I had been bragging to my friends that I often eat six or seven slices of pizzas in one sitting and had posited that I could easily down four or five slices of deep-dish pizza when the waitress plopped down what I thought was a cake. To my surprise and embarrassment, after two slices, I was down for the count. I was out of commission. Absolutely incapacitated.
But I do not want to suggest that I did not enjoy my experience. In fact, I have purposely put myself through it countless times since. Chicago deep-dish pizza, specifically from Giordano’s, with its rich cheese and perfect crust, has not only become a staple of my new diet, but it has become one of my favorite foods of all time.
“What’s Portillo’s?” I asked aloud. Gasps and screams filled the room. It seemed as though I had committed some irreparable sin.
Before I had any semblance of an idea that I would be moving to Chicago, I had always heard people speak of the mythical “Chicago-style hotdog.” Notorious? Yes. Contentious? Absolutely. Delicious?
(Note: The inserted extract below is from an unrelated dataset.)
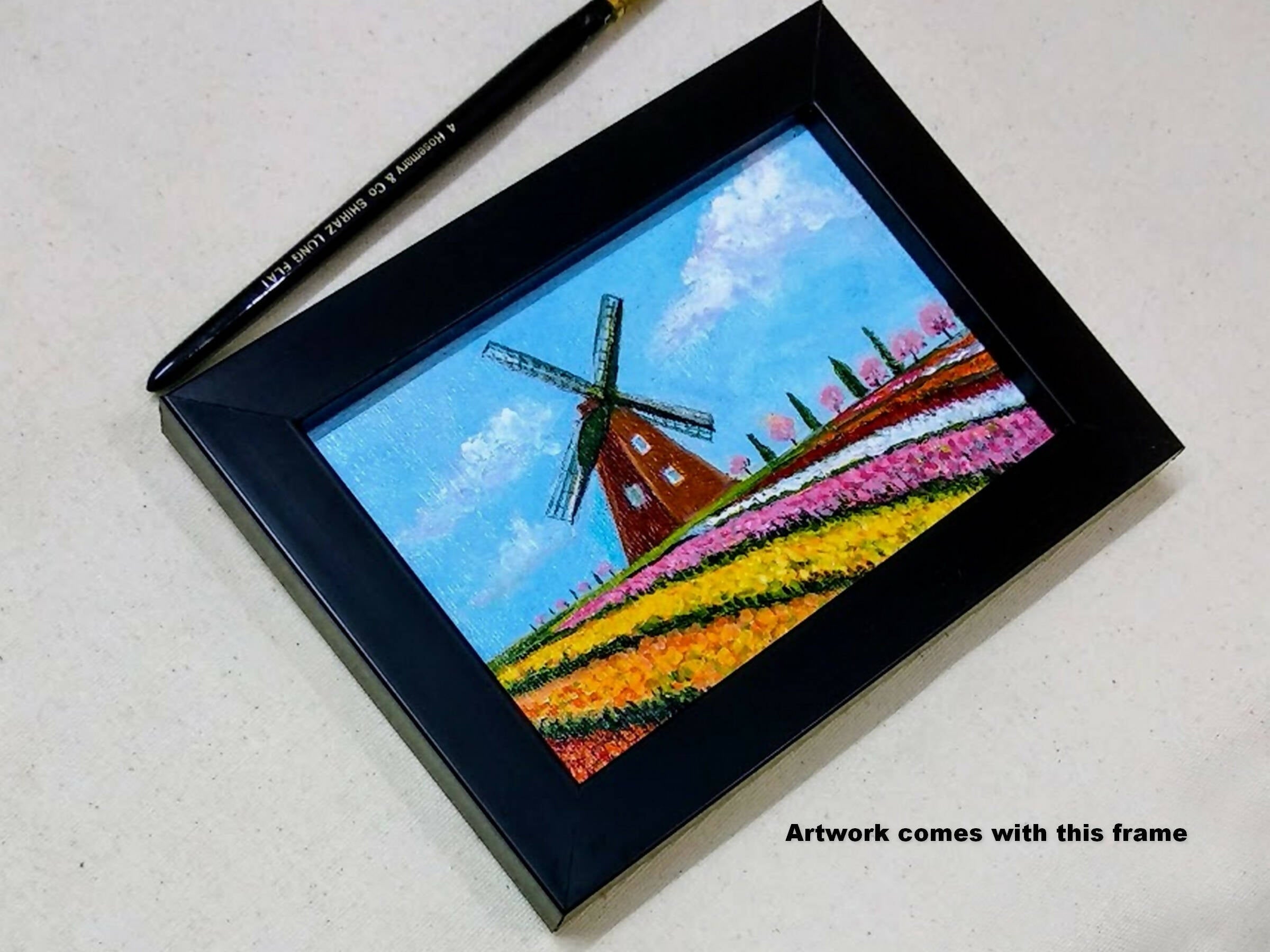 Tulips and Wind Mill of Holland, small acrylic painting on canvas, Dutch landscape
That was to be determined. I had been here for several months before I even got the opportunity to try one.
One day, the same friends who had embarrassed me at Giordano’s asked me what I thought of Portillo’s. “What’s Portillo’s?” I asked aloud. Gasps and screams filled the room. It seemed as though I had committed some irreparable sin, and apparently, to my Midwestern peers, that is exactly what happened.
That instant, they told me to drop what I was doing and pushed me into a cab. Some 25 minutes later, we arrived at the brightest, most vibrant restaurant I had ever seen. I sat down at a table and was told to wait while my friends ordered food for me. It was what I had been waiting for: a Chicago-style hotdog. As my friends waited with bated breath, I raised the overstuffed bun to my mouth and took the first bite. Immediately, I knew this Chicago concoction was not for me. I think it just felt as if the hotdog was trying to incorporate more flavors than was necessary. I could get behind most of the toppings, but once the tomato and cucumber were added, the dish felt overbearing. Sorry Chicago, this one’s a no from me.
As I mentioned previously, my background in food is mostly Latino in variety, but one selection that is overshadowed by the Cuban cafes of South Florida is that of Mexico. I had, of course, been exposed to tacos and quesadillas in the past, but it was not until my move to The Second City that I was truly engulfed in this amazing gastronomic culture.
From Hyde Park’s Taco Station to La Cantina on Michigan Avenue, Chicago’s vibrant Mexican population has produced some of the most welcoming eating establishments. There’s nothing like eating a warm, cheesy, chicken-filled quesadilla with some equally cheesy nachos on a warm day. Though the food items that come out of these restaurants are not exactly native to Chicago, the Mexican population of the city has become so ingrained in the culture here that even enchiladas and guacamole seem to be as much a part of Chicago as The Bean and Willis Tower. Good on ya’ Chicago.
I have lived in Chicago for about two years now, and I’m finally finding myself comfortable with many of the native traditions and staples. As someone with such a strongly established food preference, I felt nervous coming into such an iconic food city, but after some experimentation, I have found that, with a few exceptions, Chicago’s taste in food is right up there with the best in the world.